# Not bonding



## ladyeagle (Aug 14, 2009)

Our Nemo was taken from a pet shop where she wasn't hand reared or anything and it is so difficult to get her to bond with us. Every time we are around her or telling her to step up (which she does) she hisses and nips (not hard). We have her since December last year, we though she will get better but nothing.Since then she is moulting non stop and she is so itchy. I was wondering if you have any idea of how to make her a bit tamer. We want to get a 2nd tiel that is hand tamed maybe she will see we don't bite. I mean she does comes on the shoulder sometimes and she does like a belly scratch but always squeaking and hissing.  We spend almost all our waking hours in the same room with her, she has a small cage but free all day long through the room (the cage is a food/roosting spot/bedroom). Any ideas would be appreciated.
Thanks


----------



## Renae (Feb 9, 2008)

Moulting all the time isn't a good sign - what diet have you got her on?

You can help with the itchyness by giving her either a shower or a mist. You can also buy preening toys. 

Have you tried having a treat (millet for example) in your hand each time you approach her? treats are an excellent bribery and work very well, it also helps show the bird that you're not going to harm her/you aren't a threat.

I wouldn't recommend getting a second 'tiel until you've tamed your first one - that's just my opinion though. 

ETA: DON'T react to any biting she does, that shows that she can continue to do this and she'll keep getting a reaction whenever she bites/goes to bite you.


----------



## ChocoNoir (Jan 30, 2009)

Solace. said:


> ETA: DON'T react to any biting she does, that shows that she can continue to do this and she'll keep getting a reaction whenever she bites/goes to bite you.

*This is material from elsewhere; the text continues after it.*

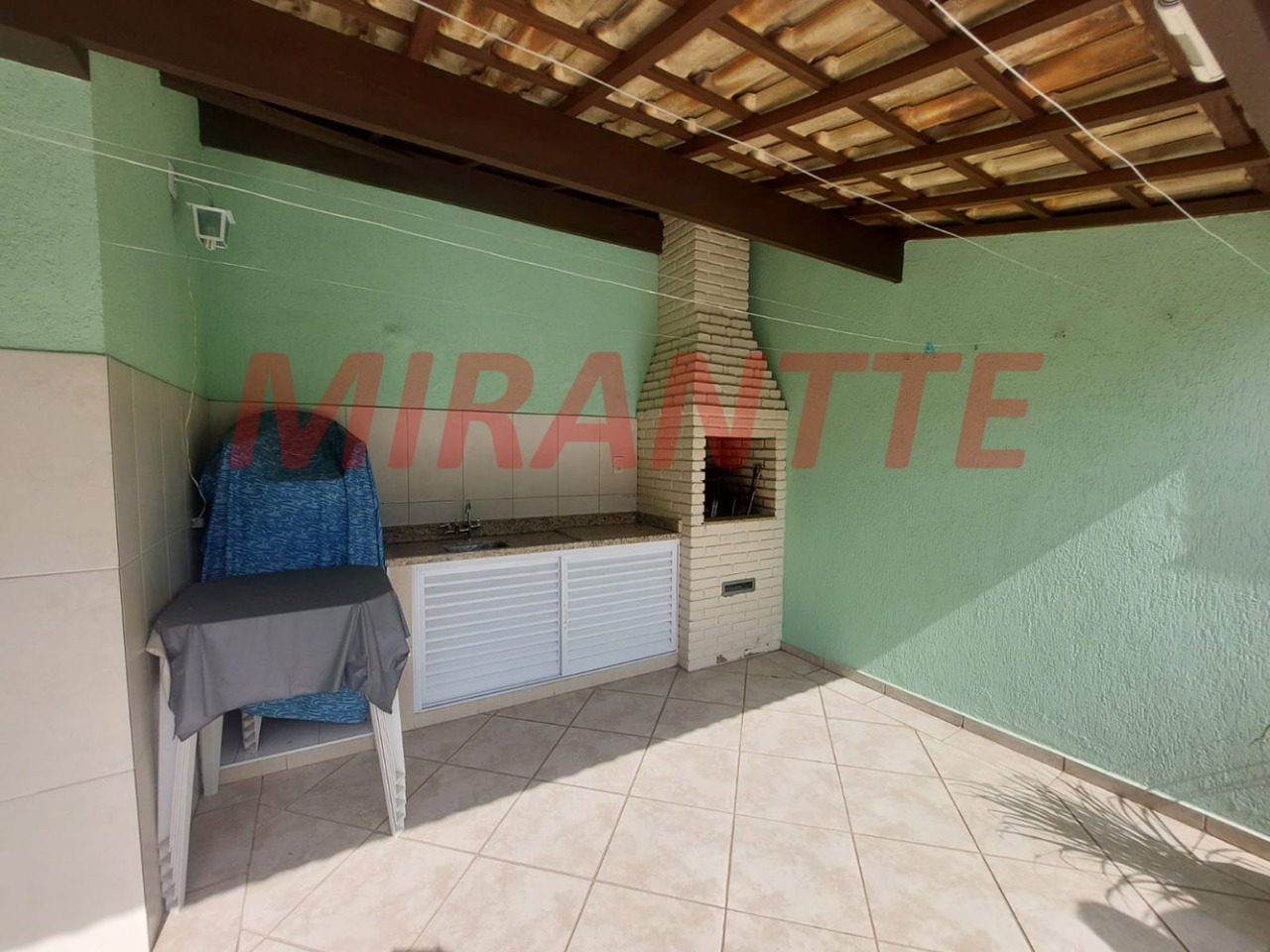 Sobrado de 134m² com 3 quartos em Parada Inglesa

Meaning, when a tiel bites your finger, you shouldn't move it away?


----------



## Di_dee1 (Feb 20, 2009)

The jury is out on that one, there are different schools of thought. Some say do not react and the bird will learn it gets no where, the other is that in the wild when they bite another bird they get a reaction back that discourages them. Some birds love the reactions they get when they bite. others respond to a no or back to cage a few minutes
The bird is reacting like this because he has been positively reinforced sometime that hissing etc gets him what he wants.. whether it is being left alone or he sees you walk away. Try watching his body language. Offer a treat he likes. If you watch him with his feedbowl, whatever he goes for first is the favourite. This can be removed from the diet and used for treats. You will only get somewhere with the bird if he wants the treat. One bird of mine adores corn, the other brown rice. Start offering them when he does not hiss. When he does or bites walk away, turn your back. The treat he likes will be gone and hopefully his behaviour will change when he realises that he gets the treat when good, nothing when bad. Come back offer again, hiss etc turn your back. it takes time and patience but can be done as long as you are consistant. he will then associate the treat with not hissing. Reward any behaviour you like, a few steps towards you etc. The treat does not have to be food but apparently that can work best. Some birds like voice praise, others a scritch.


----------



## Renae (Feb 9, 2008)

ChocoNoir said:


> Meaning, when a tiel bites your finger, you shouldn't move it away?


Exactly.

But come to think about it, she *could* be just hormonal as well. Is she getting at least 12 hours of quiet and darkness each night?


----------



## ladyeagle (Aug 14, 2009)

We do the treat thing and she does eat from our hand. The only thing she hates is fingers touching her. I don't think she gets 12 hours of sleep in the night because I am in holiday and we stay up late and I know she's up when the sun is up. Maybe when gets dark outside we should put her in an other room where is darker (we always keep her with a night light on, because of night-frights). We are feeding her pellets and fruits, veggies, toast etc. she is active all day flying around and killing toys. 
Thank you


----------



## xxxSpikexxx (Jul 30, 2007)

Here is a video that may help http://www.birdchannel.com/bird-magazines/bird-talk/2009-june/taming-of-tiel.aspx Does she get some seed aswell? I think seeds are good as a part of a balanced diet


----------



## ladyeagle (Aug 14, 2009)

We are giving her Living World Premium tiel food, which contains: seeds, fruits and veggies, and added tropical granules.
Thanks for the video, it's very helpful. The thing is that she eats seeds/millet/toast etc from our hand, after she looks at it for a couple minutes, she steps up, sits on the shoulder(when we got her she would not accept anything done to her) the only thing is that she refuses a scratch and she hisses and nips. For eg if I go to her she would hiss at me but if I say "Step up Nemo" she would calm down and step up, sometimes would walk up to the shoulder and start preening herself.


----------



## braveheartdogs (May 14, 2009)

ladyeagle said:


> Our Nemo was taken from a pet shop where she wasn't hand reared or anything and it is so difficult to get her to bond with us. Every time we are around her or telling her to step up (which she does) she hisses and nips (not hard). We have her since December last year, we though she will get better but nothing.Since then she is moulting non stop and she is so itchy. I was wondering if you have any idea of how to make her a bit tamer. We want to get a 2nd tiel that is hand tamed maybe she will see we don't bite. I mean she does comes on the shoulder sometimes and she does like a belly scratch but always squeaking and hissing.  We spend almost all our waking hours in the same room with her, she has a small cage but free all day long through the room (the cage is a food/roosting spot/bedroom). Any ideas would be appreciated.
> Thanks


Hi there,

I would mist her as that might help with the moulting. They can be so uncomfortable during that time.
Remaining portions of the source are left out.